Terry Roth, a director at Herron Todd White, a national property consultancy, says the improving mining outlook and generous buyer incentives from local and federal governments are driving improved sentiment.
“Improvement has not been spread evenly,” adds Roth. “There is still an oversupply of residential units in the central business district, and inner suburbs have not improved to the same extent.”
Roth has concerns about the revival’s sustainability if employment does not improve.
Adelaide prices jumped 5.9 per cent in 2020, with rents for houses and apartments rising 5 per cent and 0.3 per cent respectively. Analysts expect prices overall to rise by about 5 per cent to 7 per cent over the next 12 months.
Local factors driving employment and growth are major capital projects including the $9 billion tunnel linking the northern and southern suburbs, a $2.4 billion hospital, casino upgrades and $40 billion naval projects.
Strong demand for top-end and lifestyle properties, such as in the Adelaide Hills, were among the positive surprises.
They include a mansion in Palmer Place, North Adelaide, under contract for an Adelaide record of $10 million. Nick Smerdon, a Herron Todd White property valuer, says a lack of stock, increased buyer confidence and record low interest rates are driving demand.
“But with market fundamentals remaining on shaky ground, there seems uncertainty as to how long the strength in the market can hold,” he adds.
Forecasts for the next 12 months are in the 5 per cent to 10 per cent range.
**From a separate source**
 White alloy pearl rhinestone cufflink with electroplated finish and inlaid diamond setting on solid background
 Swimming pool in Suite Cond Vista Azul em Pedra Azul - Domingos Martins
The city’s prospects are boosted by a growth in public sector employment and a housing shortage, say AMP’s Oliver and Archistar’s Wilson.
Sandra Howells, property valuer for Herron Todd White, warns of price volatility in the apartment sector, particularly as newly completed units compete against existing stock in suburbs such as Belconnen and Gungahlin.
Demand remains strong in Hobart, particularly for properties up to $600,000, says Herron Todd White property valuer Stephen Ning Liu.
Sales have slowed for top-end properties in excess of $1.5 million, but are expected to increase as sentiment continues to improve, he says.
AMP’s Oliver adds: “Hobart and Canberra dwelling prices are playing catch-up after underperforming Melbourne and Sydney through much of the last decade.”